Daniel Stodden [Fri, 16 Apr 2010 02:06:04 +0000 (19:06 -0700)]
CA-40171: Validate vhd parent chain during LV reactivation.
Implementation of tapdisk_vbd_reactivate_volumes follows the vhd
parent chain, but therein lacks a critical check matching child and
parent uuids.
This creates a race window wherein reactivation hits an lv resize on
the master. The new last sector, while unrewritten, may carry garbage
footers. Results may vary, from plain reactivation failures to chain
traversal running off into the weeds.
Fixed with a proper uuid check. Adds some eprintfs to aid debugging
the corner cases.
Daniel Stodden [Mon, 5 Apr 2010 19:35:18 +0000 (12:35 -0700)]
CA-29373: Unwedge queue after new request failure.
A tapdisk_vbd_issue_request failure is indication to back of from
further queue processing. The call however will also return error
status of a synchronous request failure.
When failing a new request immediately, we stop making progress. We
break out of the loop, subsequent incoming requests stay on the
new_requests lists, failed_requests is empty, so we block
indefinitely.
Patch decouples queue status from request status, we only back off if
the queue test fails, not the request. Otoh, this means we won't back
off after the first EBUSY encountered. One may argue the decision
about what's busy and not is better made by the driver, not the VBD.

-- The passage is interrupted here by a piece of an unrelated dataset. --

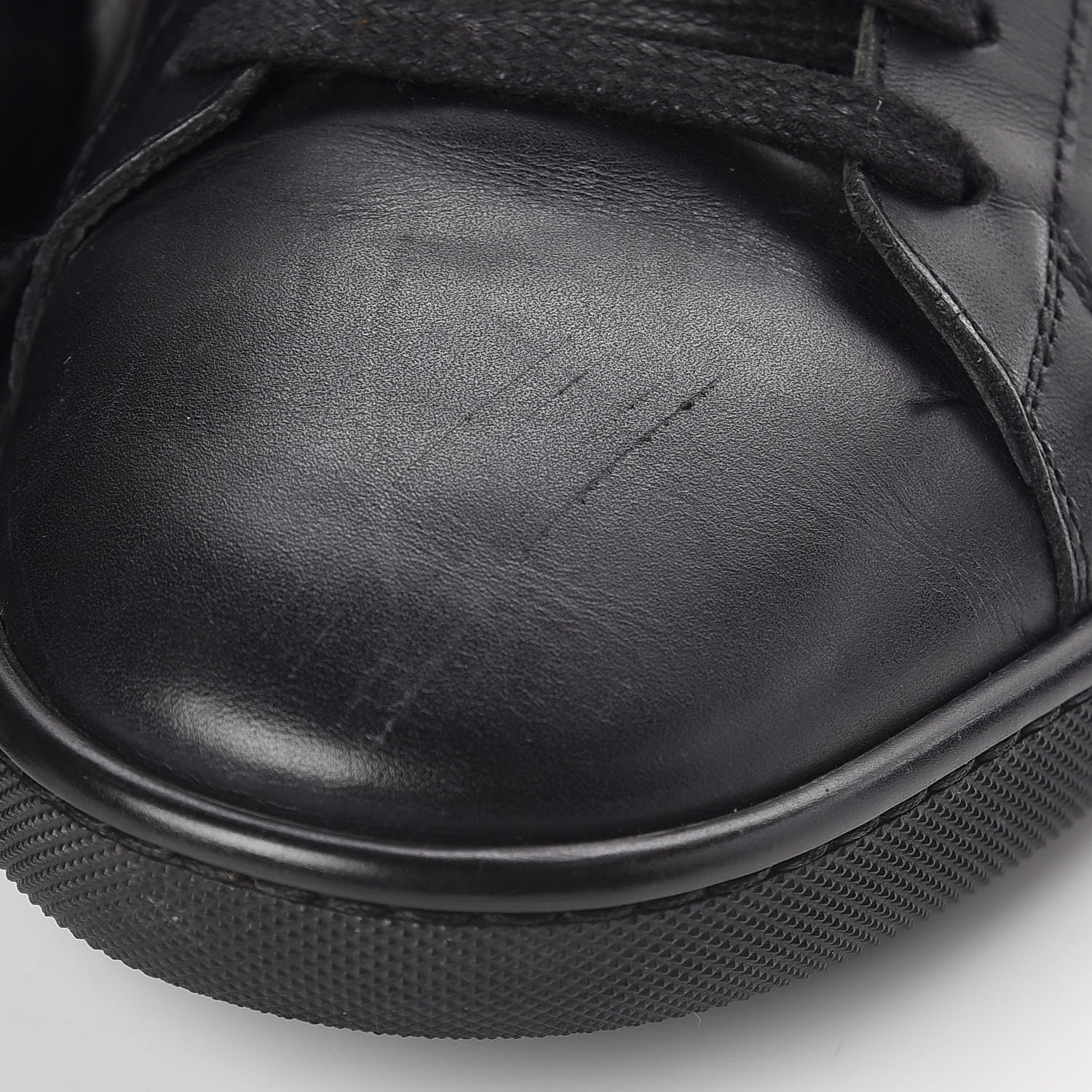 Saint Laurent Calfskin Mens Court Classic SL/01H High Top Sneakers 43.5 Black 8 of 11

Daniel Stodden [Mon, 5 Apr 2010 19:35:16 +0000 (12:35 -0700)]
CA-29373: Stop retrying the pathetic case.
Separating the retryable from the recoverable errors should make the
control path more responsive to broken SRs or images. Fail vreqs with
irrecoverable errors immediately. Presently known ones comprise ESTALE
and ENOSPC. Both don't have a great prospect to improve within the
next two minutes.
Note that this somewhat obsoletes ENOSPC, as our original reason for
adding a tapdisk-level forced-shutdown. However, there may still be
reasons to discard retryable requests.
Daniel Stodden [Mon, 5 Apr 2010 19:35:16 +0000 (12:35 -0700)]
CP-1613: Fix compiler warnings
The vhd_cache_init/enabled calls were redeclared inline after their
original declaration, yielding an ugly warning. These are module
members, not header macros. Safe to leave the inlining to the
compiler.
Daniel Stodden [Mon, 5 Apr 2010 19:35:15 +0000 (12:35 -0700)]

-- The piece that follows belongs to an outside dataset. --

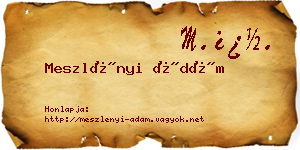 Meszlényi Ádám névjegykártya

CA-39535: Break call chain recursion during force-shutdown.
Pending requests during shutdown flag TD_VBD_SHUTDOWN_REQUESTED,
resulting in an endless vbd_close -> vbd_kick -> vbd_check_state ->
vbd_close loop.
The vbd_check_state call was added to unblock canonical (synchronous)
I/O mode in cset 45c15fdaed55 (Separate tapdisk raw I/O into different
backends).
We only need the queue dispatch during vbd_kick. Fixed by breaking a
vbd_check_queue_state out of vbd_check_state.
Signed-off-by: Daniel Stodden <daniel.stodden@citrix.com>
Keir Fraser [Fri, 29 Jan 2010 08:55:27 +0000 (08:55 +0000)]
CA-36385: Prefer AIO eventfd support on kernels >= 2.6.22
Mainline kernel support for eventfd(2) in linux aio was added between
2.6.21 and 2.6.22. Libaio after 0.3.107 has the header file, but
presently few systems support it. Neither do we rely on an up-to-date
libc6.
Instead, this patch adds a header which defines custom iocb_common
struct, and works around a potentially missing sys/eventfd.h.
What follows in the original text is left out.